By the time I reached the sixth and seventh bugs and I had seen the same types of bugs appear over and over, I had become a true believer. Not only was this book interesting; It was essential! Despite the lip service that is paid to “good programming practice” in computing science programs, I have never been made so acutely aware of some of the simple programming mistakes that can result in dreadful consequences. As I finished the seventh bug, the one clear capstone thought was that this book should be required reading to anyone who wants to write any software. Just as engineers are required to take an ethics course, computer scientists should be required to take a “Bug Hunters” course – if for no other reason than to raise their awareness of the nature of bugs.

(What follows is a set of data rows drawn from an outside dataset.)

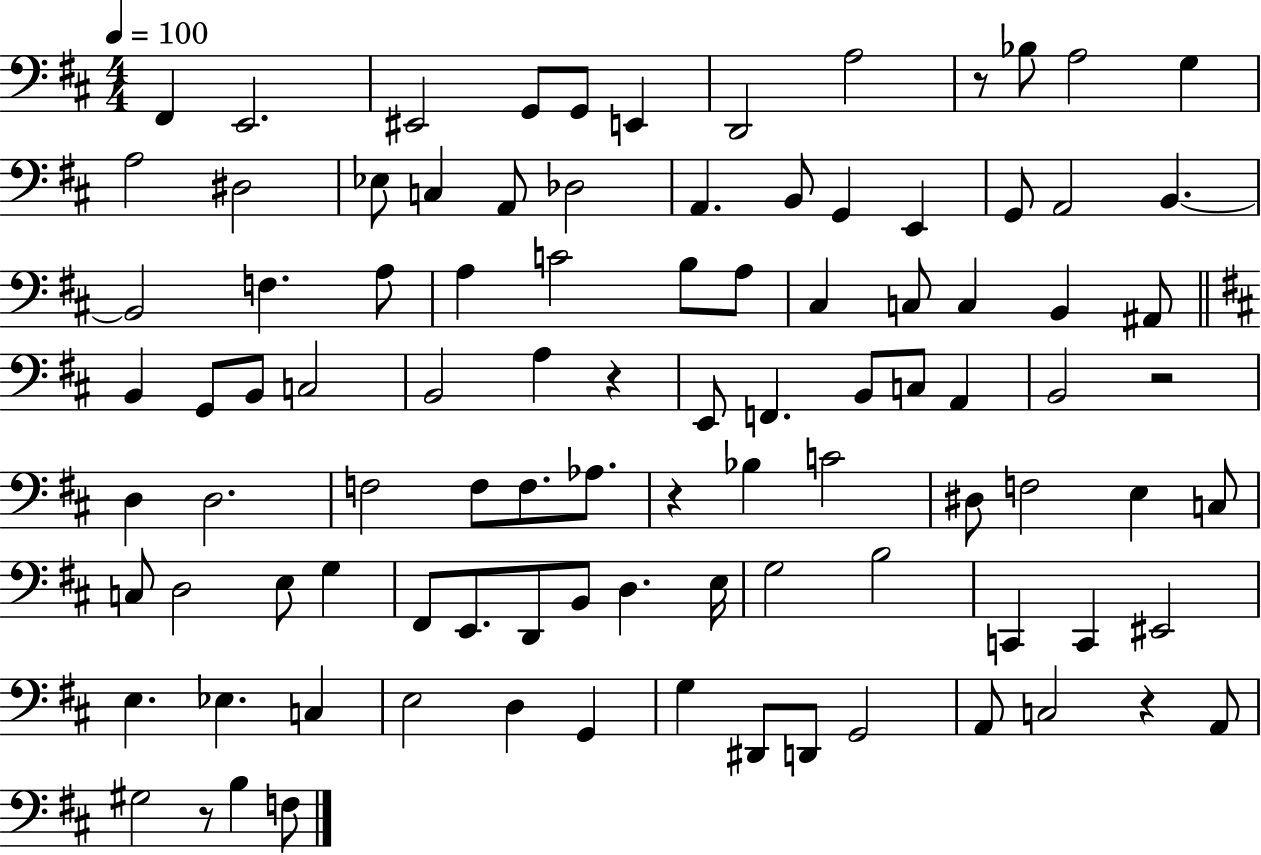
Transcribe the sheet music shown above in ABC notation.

X:1
T:Untitled
M:4/4
L:1/4
K:D
^F,, E,,2 ^E,,2 G,,/2 G,,/2 E,, D,,2 A,2 z/2 _B,/2 A,2 G, A,2 ^D,2 _E,/2 C, A,,/2 _D,2 A,, B,,/2 G,, E,, G,,/2 A,,2 B,, B,,2 F, A,/2 A, C2 B,/2 A,/2 ^C, C,/2 C, B,, ^A,,/2 B,, G,,/2 B,,/2 C,2 B,,2 A, z E,,/2 F,, B,,/2 C,/2 A,, B,,2 z2 D, D,2 F,2 F,/2 F,/2 _A,/2 z _B, C2 ^D,/2 F,2 E, C,/2 C,/2 D,2 E,/2 G, ^F,,/2 E,,/2 D,,/2 B,,/2 D, E,/4 G,2 B,2 C,, C,, ^E,,2 E, _E, C, E,2 D, G,, G, ^D,,/2 D,,/2 G,,2 A,,/2 C,2 z A,,/2 ^G,2 z/2 B, F,/2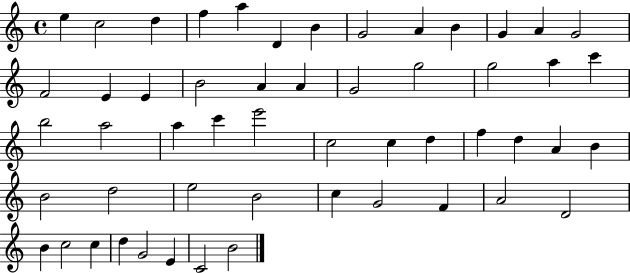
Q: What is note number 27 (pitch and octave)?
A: A5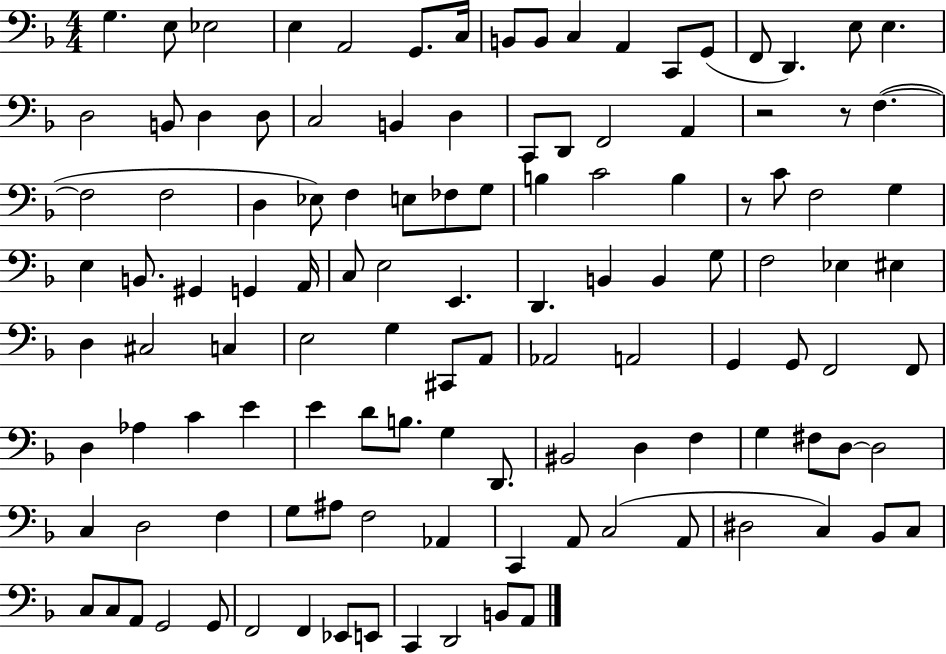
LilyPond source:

{
  \clef bass
  \numericTimeSignature
  \time 4/4
  \key f \major
  g4. e8 ees2 | e4 a,2 g,8. c16 | b,8 b,8 c4 a,4 c,8 g,8( | f,8 d,4.) e8 e4. | \break d2 b,8 d4 d8 | c2 b,4 d4 | c,8 d,8 f,2 a,4 | r2 r8 f4.~(~ | \break f2 f2 | d4 ees8) f4 e8 fes8 g8 | b4 c'2 b4 | r8 c'8 f2 g4 | \break e4 b,8. gis,4 g,4 a,16 | c8 e2 e,4. | d,4. b,4 b,4 g8 | f2 ees4 eis4 | \break d4 cis2 c4 | e2 g4 cis,8 a,8 | aes,2 a,2 | g,4 g,8 f,2 f,8 | \break d4 aes4 c'4 e'4 | e'4 d'8 b8. g4 d,8. | bis,2 d4 f4 | g4 fis8 d8~~ d2 | \break c4 d2 f4 | g8 ais8 f2 aes,4 | c,4 a,8 c2( a,8 | dis2 c4) bes,8 c8 | \break c8 c8 a,8 g,2 g,8 | f,2 f,4 ees,8 e,8 | c,4 d,2 b,8 a,8 | \bar "|."
}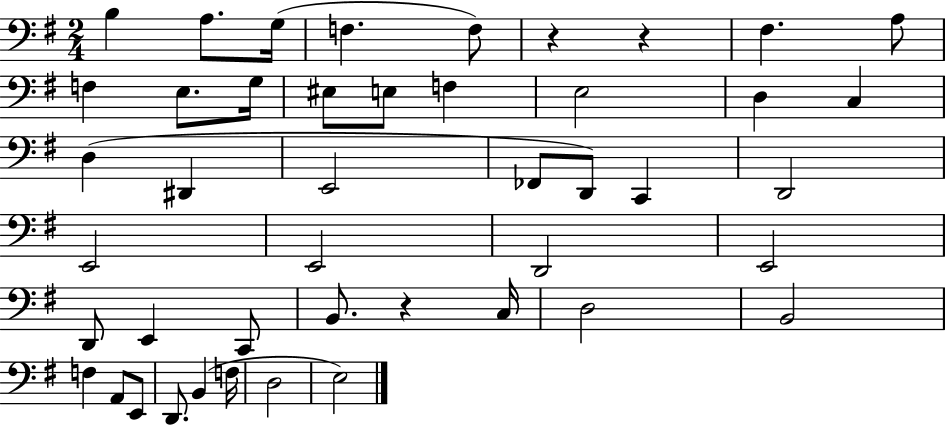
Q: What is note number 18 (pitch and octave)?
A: D#2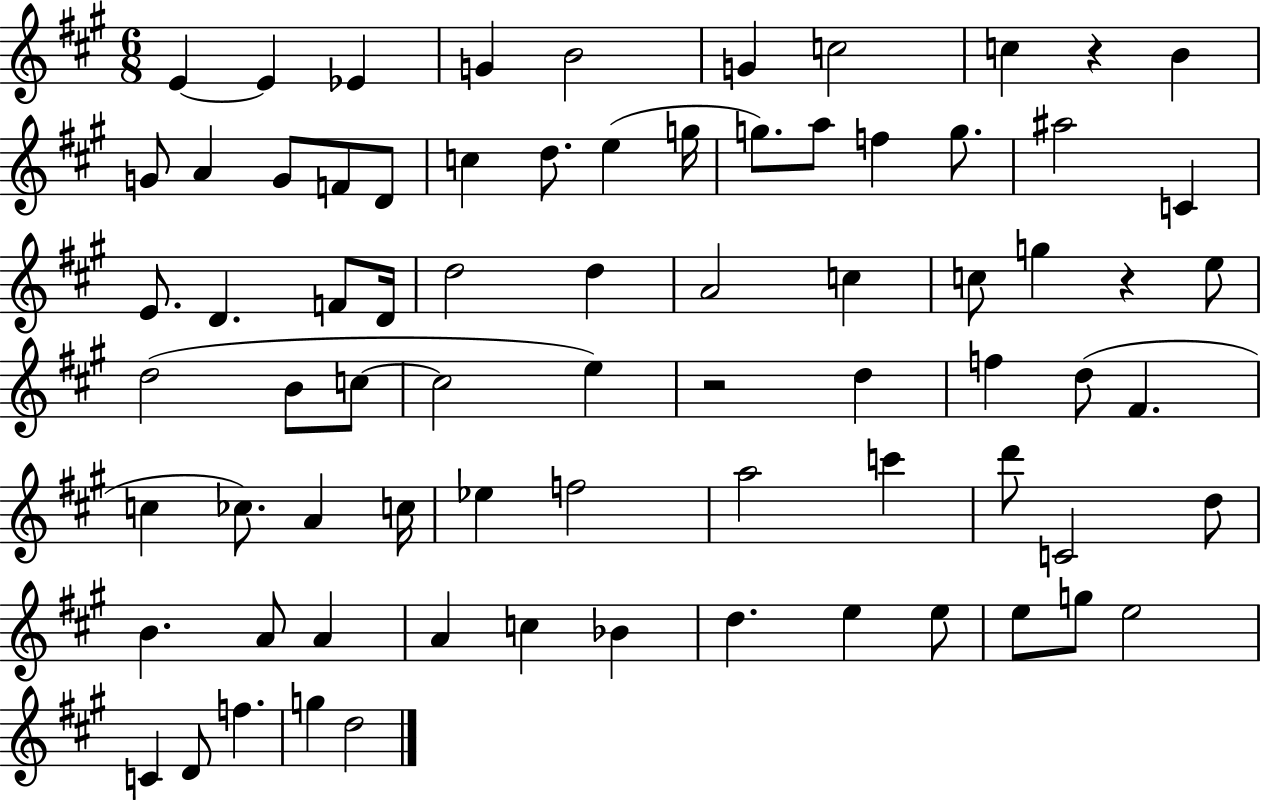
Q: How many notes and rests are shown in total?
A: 75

When I think about the “buggy” code that I have read from new University grads it makes me shiver. Much of this buggy code is in production around the world and quite often the develop has no idea that the bugs are there. This book highlights a few specific functions to handle with great care in C, but every language has its own set of traps that all new programmers fall into. (E.g. in PHP registering global variables, unvalidated input to SQL queries leading to SQL injection, etc…). Computer books very rarely spend much time highlighting these traps, and as a result young programmers regularly fall into them. Unfortunately with software these traps often don’t give immediate feedback. Instead they linger for years before they are exploited – and sometimes to great disaster.

Summary

I meandered a bit in this review, but to summarize. If you can slog through the dense debugger readouts and assembly code and latch onto the core message in this book you will become a better software developer. Even if you don’t learn anything new in this book, it will serve to raise your awareness and prevent a bug.

And one more thing: This book should be required reading for new software developers.